Vivas D, Garcia-Rubira JC, Bernardo E, Angiolillo DJ, Martín P, Calle-Pascual A, Nuñez-Gil I, Macaya C, Fernández-Ortiz A
J. Thromb. Thrombolysis. 2013 Feb;35(2):165-74, PMID: 23114538
Patients with hyperglycemia, an acute coronary syndrome and poor glycemic control have increased platelet reactivity and poor prognosis. However, it is unclear the influence of a tight glycemic control on platelet reactivity in these patients. This is a subanalysis of the CHIPS study.

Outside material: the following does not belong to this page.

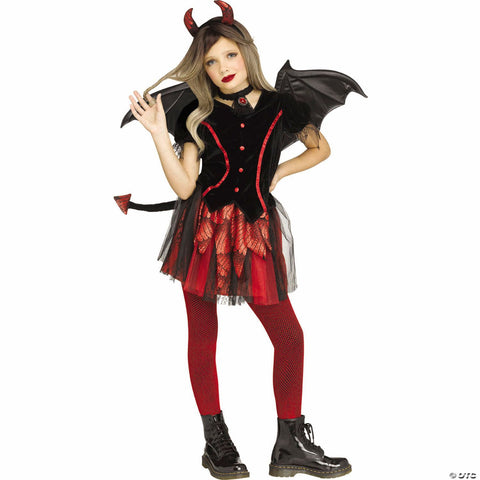 Girl’s Black & Red Dress Devil Costume with Wings -  12-14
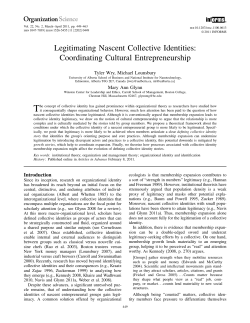 Legitimating Nascent Collective Identities: Coordinating Cultural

This trial randomized patients with hyperglycemia to undergo an intensive glucose control (target blood glucose 80-120 mg/dL), or conventional glucose control (target blood glucose <180 mg/dL). We analyzed platelet function at discharge on the subgroup of patients with poor glycemic control, defined with admission levels of HbA1c higher than 6.5%. The primary endpoint was maximal platelet aggregation following stimuli with 20 μM ADP. We also measured aggregation following collagen, epinephrine, and thrombin receptor-activated peptide, as well as P2Y12 reactivity index and surface expression of glycoprotein IIb/IIIa and P-selectin. A total of 67 patients presented HbA1c ≥ 6.5% (37 intensive, 30 conventional), while 42 had HbA1c < 6.5% (20 intensive, 22 conventional). There were no differences in baseline characteristics between groups. At discharge, patients with HbA1c ≥6.5% had significantly reduced MPA with intensive glucose control compared with conventional control (46.1 ± 22.3 vs. 60.4 ± 20.0%; p = 0.004). Similar findings were shown with other measures of platelet function. However, glucose control strategy did not affect platelet function parameters in patients with HbA1c < 6.5%. Intensive glucose control in patients presenting with an acute coronary syndrome and hyperglycemia results in a reduction of platelet reactivity only in the presence of elevated HbA1c levels.